Goal of the exercise —
Exact copy, pictures excluded: print the lines from the one with "Moving on to" through the final line of the records.

─── Data records ───

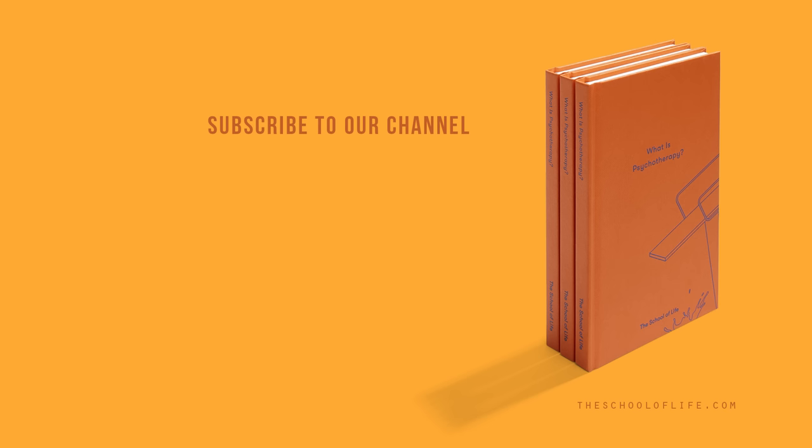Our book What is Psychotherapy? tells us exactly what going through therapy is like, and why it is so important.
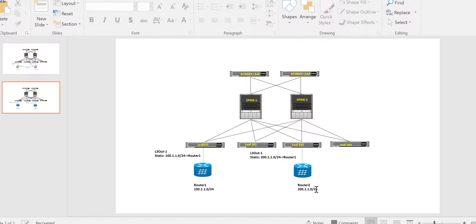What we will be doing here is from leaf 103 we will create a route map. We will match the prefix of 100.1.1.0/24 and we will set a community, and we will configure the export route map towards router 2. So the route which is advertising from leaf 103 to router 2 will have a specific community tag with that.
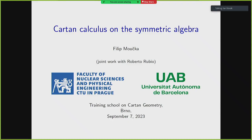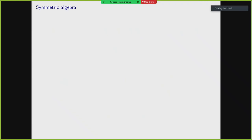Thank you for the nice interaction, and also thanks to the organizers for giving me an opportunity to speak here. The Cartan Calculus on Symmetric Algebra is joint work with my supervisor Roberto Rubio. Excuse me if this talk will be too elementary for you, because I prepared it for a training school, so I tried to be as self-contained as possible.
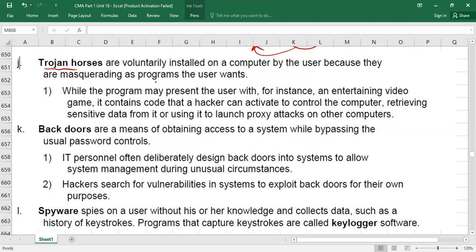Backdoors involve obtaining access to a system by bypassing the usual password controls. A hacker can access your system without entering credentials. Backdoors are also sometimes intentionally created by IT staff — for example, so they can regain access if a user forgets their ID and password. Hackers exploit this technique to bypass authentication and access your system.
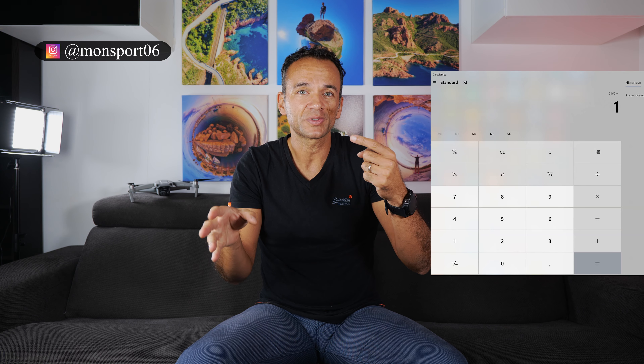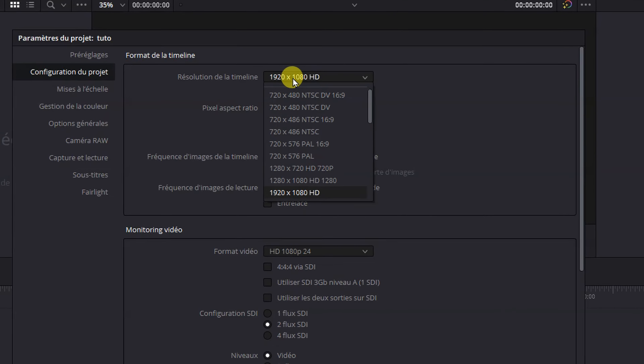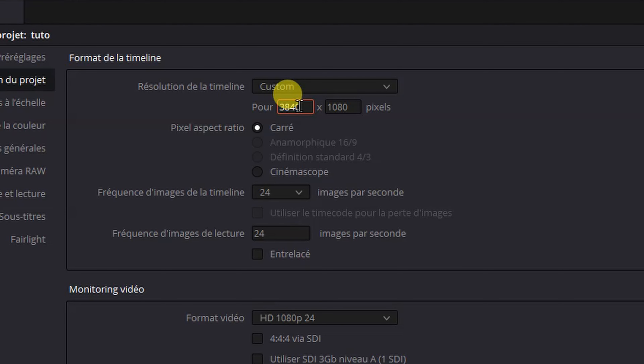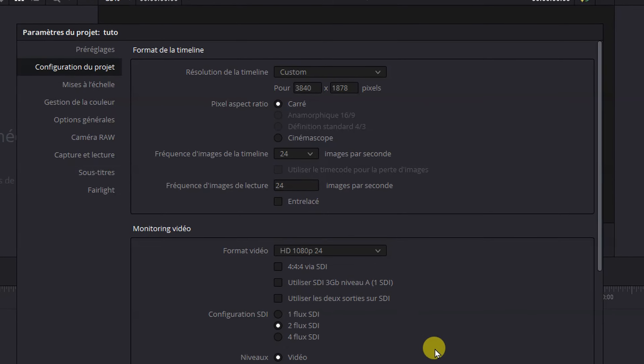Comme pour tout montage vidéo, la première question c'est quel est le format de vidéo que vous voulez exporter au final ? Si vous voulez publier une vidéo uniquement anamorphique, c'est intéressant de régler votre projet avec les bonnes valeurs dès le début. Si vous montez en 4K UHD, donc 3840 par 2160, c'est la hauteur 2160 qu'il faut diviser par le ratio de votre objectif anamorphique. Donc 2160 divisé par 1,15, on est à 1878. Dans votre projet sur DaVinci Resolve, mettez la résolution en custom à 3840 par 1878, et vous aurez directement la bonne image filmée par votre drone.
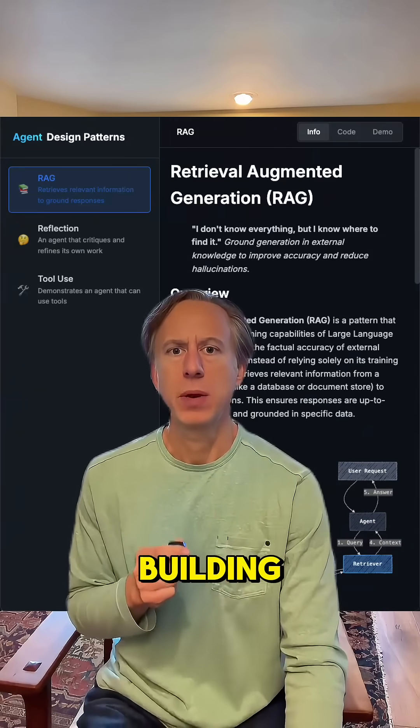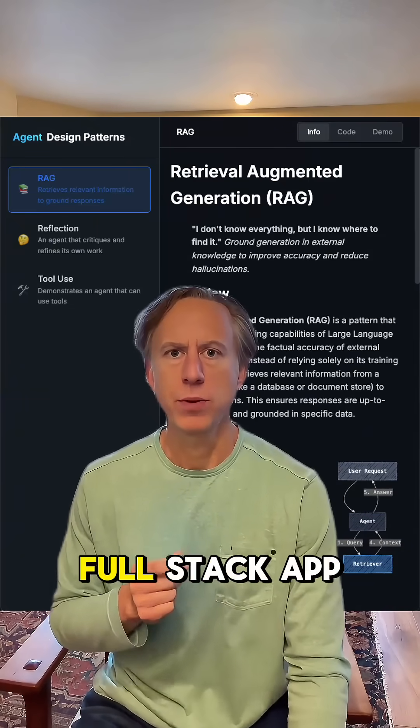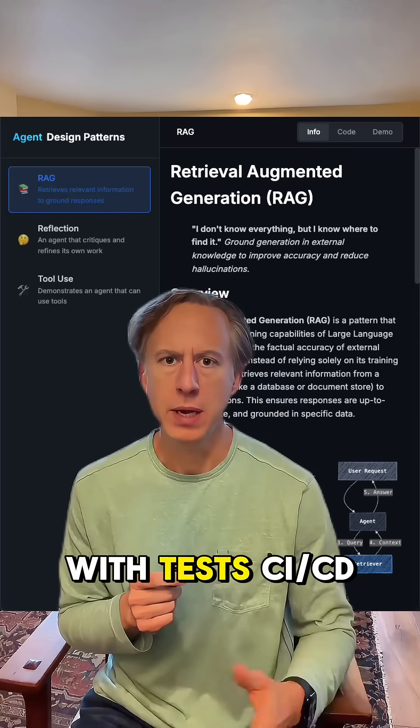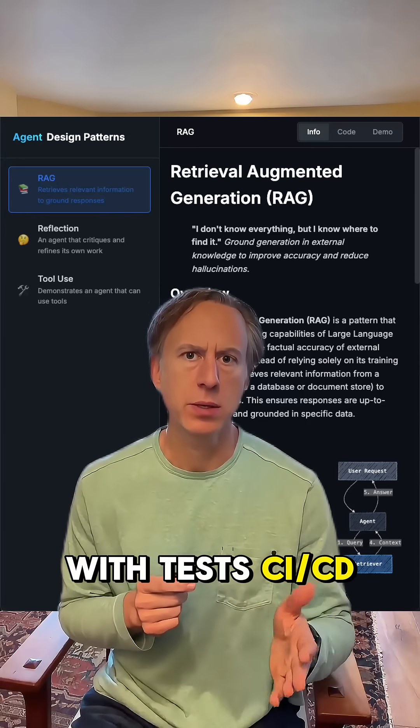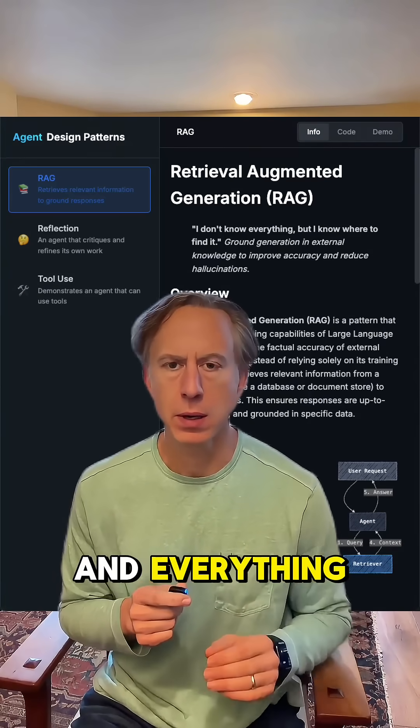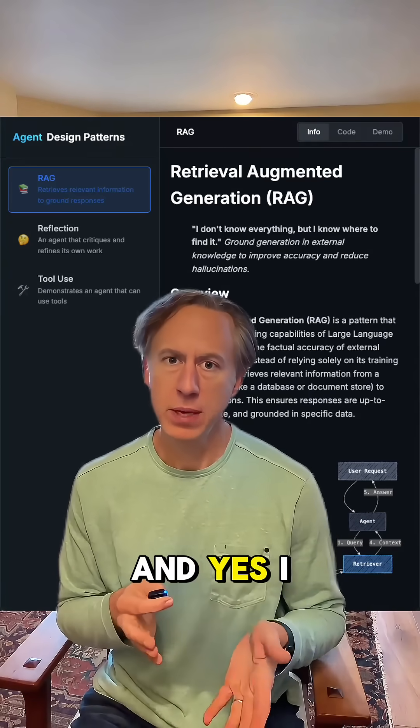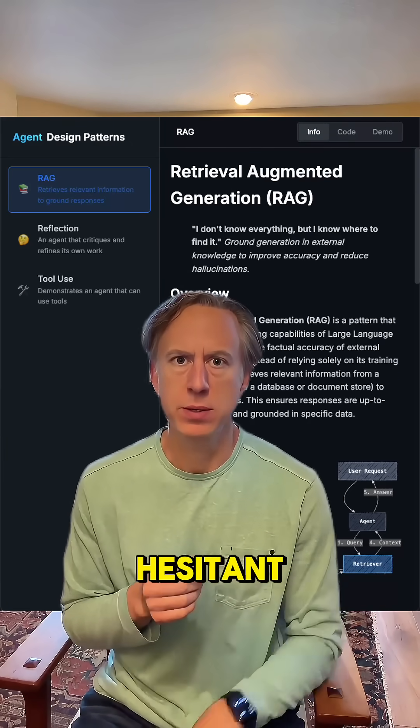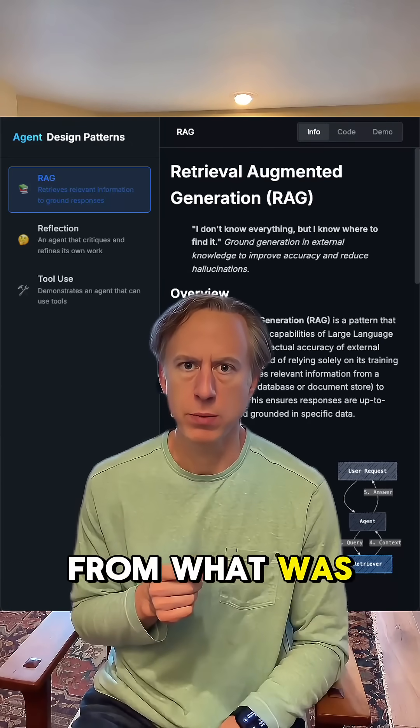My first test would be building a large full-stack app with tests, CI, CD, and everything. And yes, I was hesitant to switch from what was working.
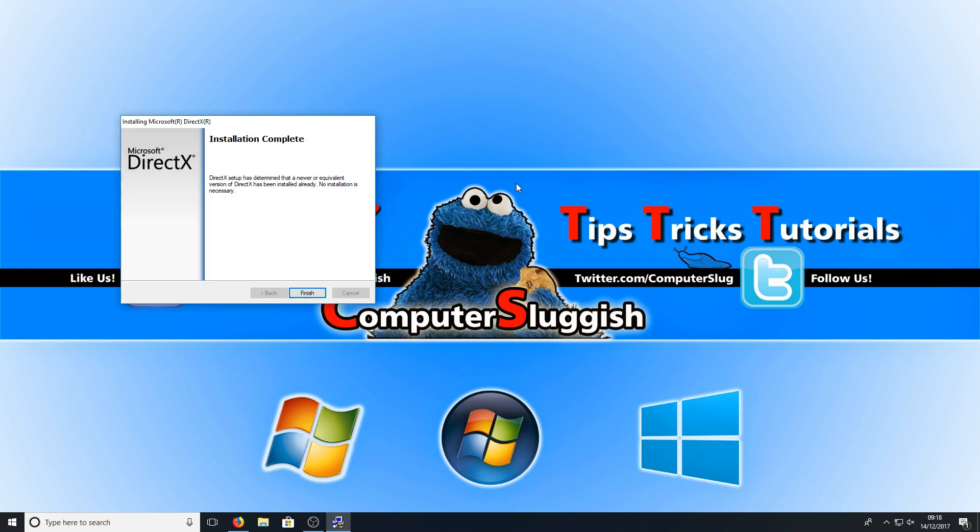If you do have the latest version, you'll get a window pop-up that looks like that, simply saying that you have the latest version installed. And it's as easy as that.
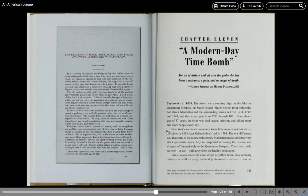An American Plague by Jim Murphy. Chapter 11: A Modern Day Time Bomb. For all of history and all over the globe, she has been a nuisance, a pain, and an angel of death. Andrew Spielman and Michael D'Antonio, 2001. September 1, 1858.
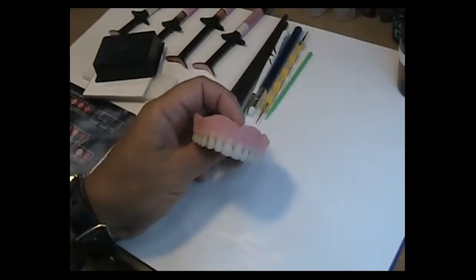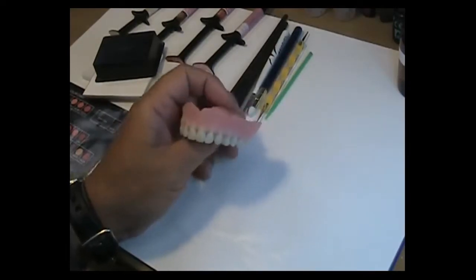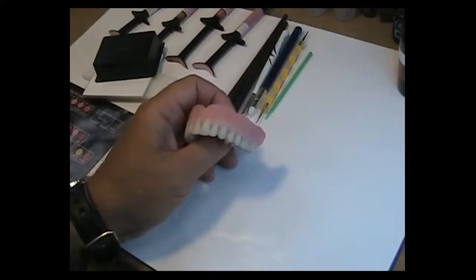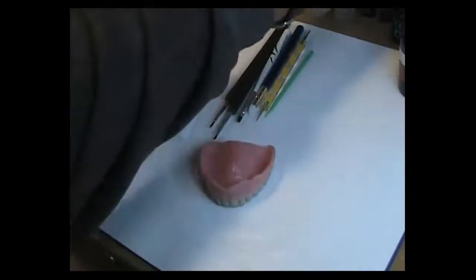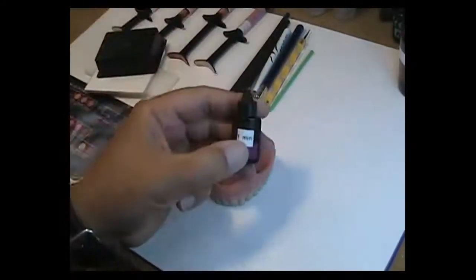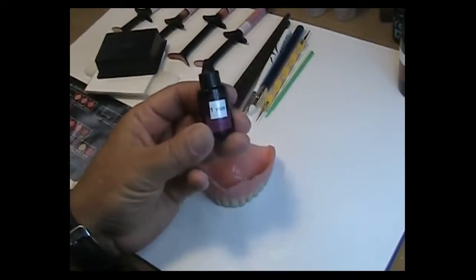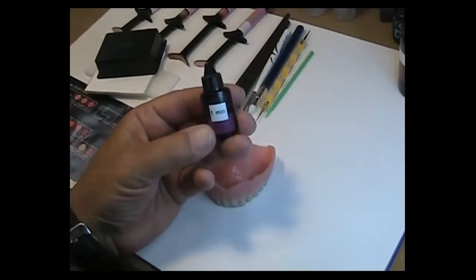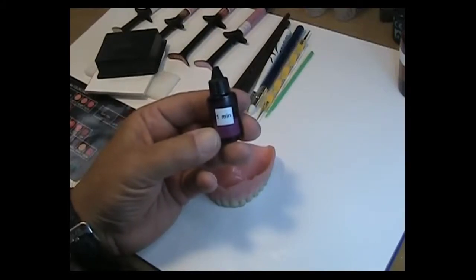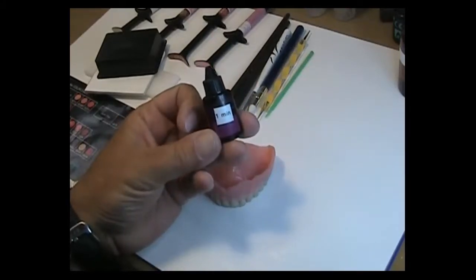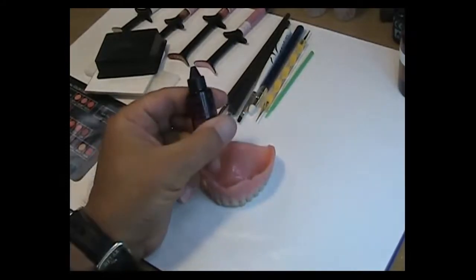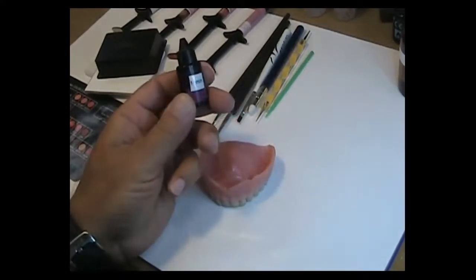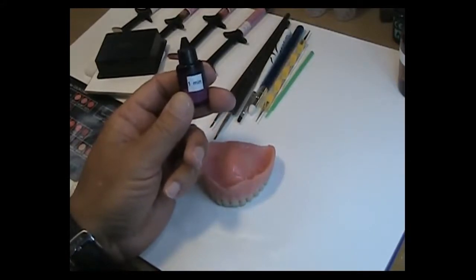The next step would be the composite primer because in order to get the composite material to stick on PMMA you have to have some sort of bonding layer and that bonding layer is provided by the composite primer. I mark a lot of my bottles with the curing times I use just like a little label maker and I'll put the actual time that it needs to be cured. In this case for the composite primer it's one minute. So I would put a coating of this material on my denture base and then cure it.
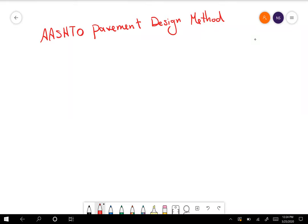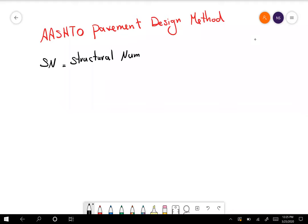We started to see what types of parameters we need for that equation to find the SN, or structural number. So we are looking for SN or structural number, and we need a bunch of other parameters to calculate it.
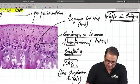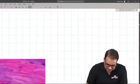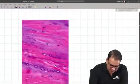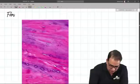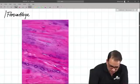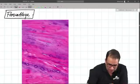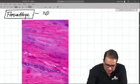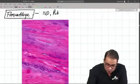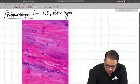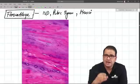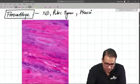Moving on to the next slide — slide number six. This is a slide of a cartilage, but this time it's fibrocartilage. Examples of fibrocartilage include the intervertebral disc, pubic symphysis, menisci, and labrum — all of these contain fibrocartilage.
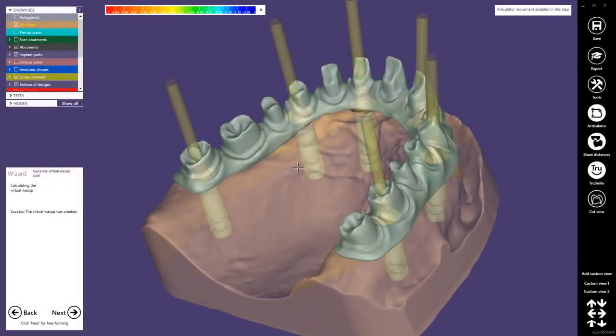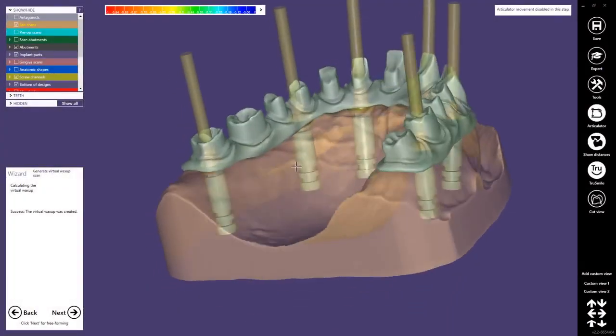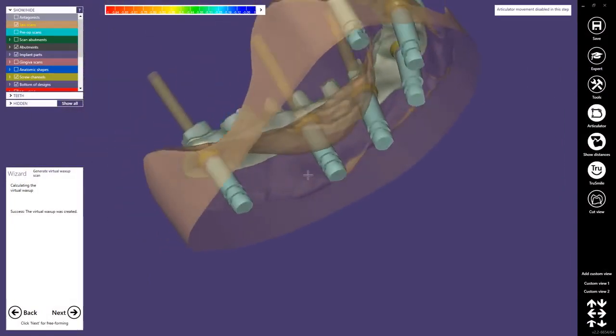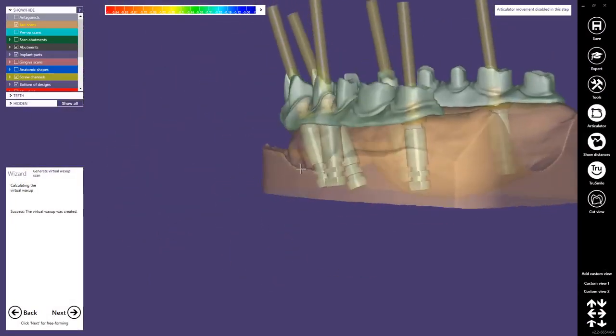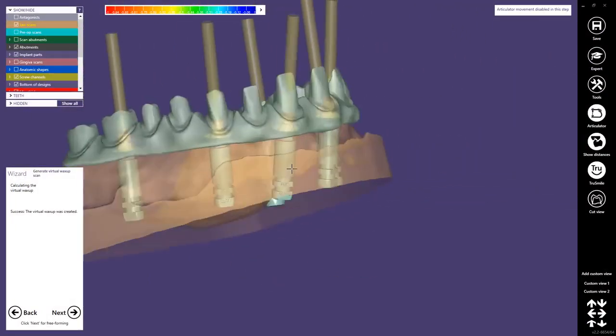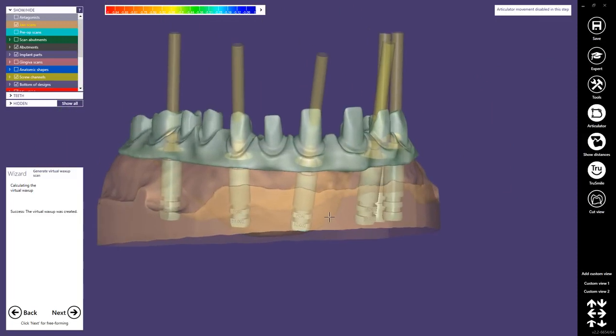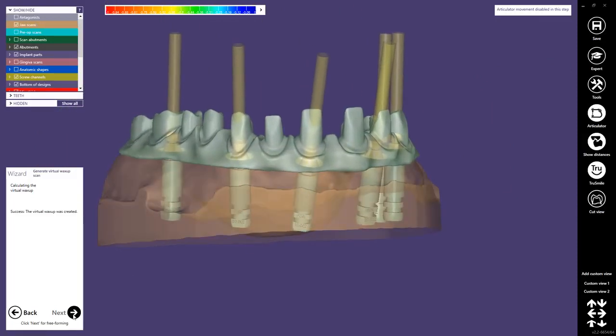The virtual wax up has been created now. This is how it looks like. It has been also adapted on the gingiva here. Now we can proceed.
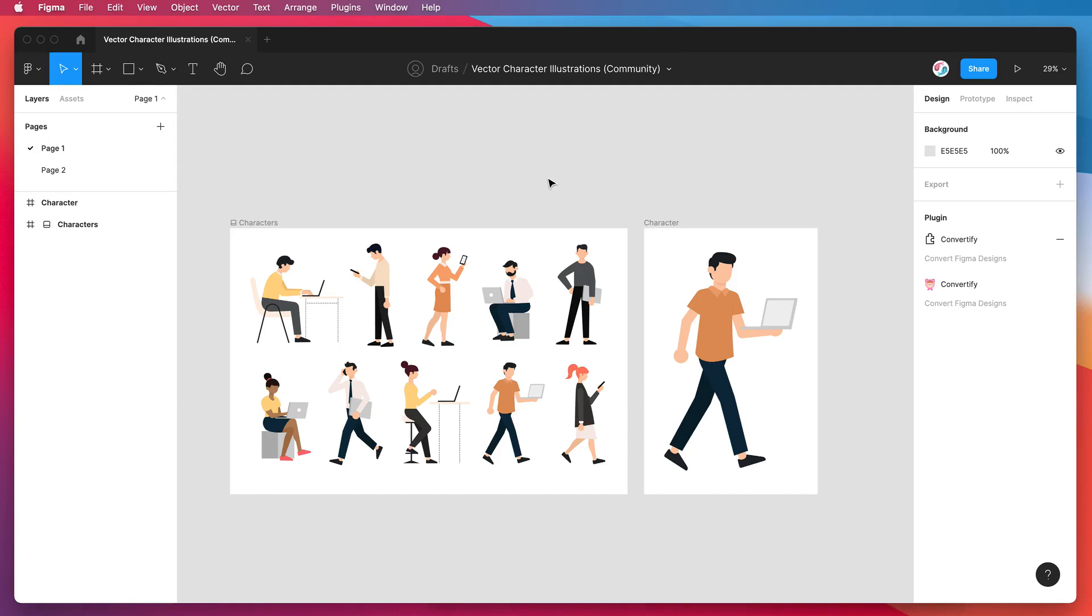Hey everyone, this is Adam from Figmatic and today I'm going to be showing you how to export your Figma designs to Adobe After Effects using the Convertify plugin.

───

Solved exercise —
Moving on to the next slide — slide number six. This is a slide of a cartilage, but this time it's fibrocartilage. Examples of fibrocartilage include the intervertebral disc, pubic symphysis, menisci, and labrum — all of these contain fibrocartilage.
The virtual wax up has been created now. This is how it looks like. It has been also adapted on the gingiva here. Now we can proceed.
Hey everyone, this is Adam from Figmatic and today I'm going to be showing you how to export your Figma designs to Adobe After Effects using the Convertify plugin.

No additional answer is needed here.